Just on Monday, San Miguel Beer point guard Chris Ross lashed out at what he felt was an unfair rule. "I guess the President of the United States made discrimination and racism okay everywhere," tweeted Ross while quoting an article referring to the new NCAA standard.
Add former Colegio de San Juan de Letran big man and current Rain or Shine star Raymond Almazan to the list of personalities who do not exactly support the move.
Almazan was the NCAA's Most Valuable Player in Season 89, and helped Letran advance to the finals in both Seasons 88 and 89. They were beaten in both instances by a San Beda University squad that was anchored by Nigerian center Ola Adeogun.
Yet Almazan holds no ill will towards Adeogun, nor any of the foreign big men he battled with in college.
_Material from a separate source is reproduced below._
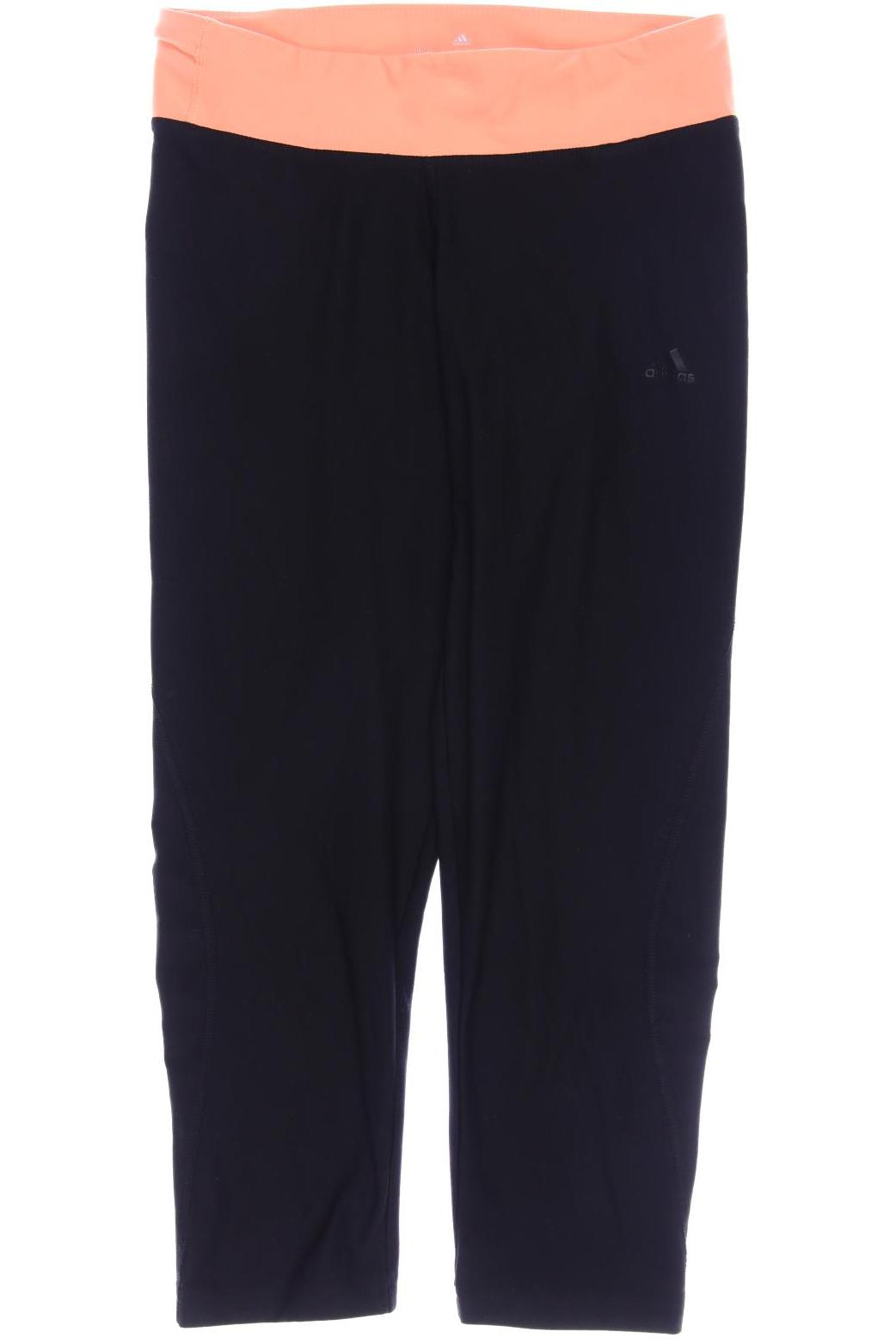 

Adidas Damen Stoffhose, schwarz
Instead, he credits them for helping him develop into the player that he is now.
"Malaking bagay na nakalaro (ako) ng imports like sila Happi," said Almazan, referring to Cedric Happi Boube of Emilio Aguinaldo College.
He pointed out that playing against "imports" in college greatly prepared him for the PBA, where he has to battle foreign reinforcements in two out of three conferences.
"Katulad ngayon sa PBA, may dalawang conference na may bantayan ka na import, so 'di ka na maninibago," said Almazan. "Para sa akin, wala naman akong nakikitang mali doon."
Perhaps the biggest issue held against foreign student-athletes – particularly the big men – is that they take away roster spots that can go to Filipino players.
Almazan played for a school that has never featured an "import," but even he still had to wait his turn before getting his minutes despite not competing for time with a foreign player.
"May mga nagsasabi na mga tao na nasasabi mo lang na gusto mo, kasi nagagamit ka," said Almazan. "Hindi eh – nabangko din ako ng two years."
"Naghintay ako ng chance ko," he stressed. "Kaya hindi mo pwedeng sabihin na nasasapawan 'yung talent mo."
Moreover, Almazan believes that this is a dangerous mindset for Filipino players – to think that "imports" are stealing roster spots that are rightfully theirs.
"Kailangan, trabahuhin mo," said Almazan, who also earned a pair of Defensive Player of the Year trophies during his stint with the Knights.
"Siyempre, 'pag alam mong may import 'yung kalaban, ibigay mo 'yung best mo, na iba 'yung Pinoy maglaro," he added.
Almazan does have one suggestion, however.
"Sa akin lang siguro, 'yung height limit lang siguro," he said. "'Yun lang para sa mga imports."
Several imports – including San Beda's Donald Tankoua – can still play in the NCAA Season 94 tournament when it opens on July 7. Season 95, however, marks the last year that foreign players can suit up in the league.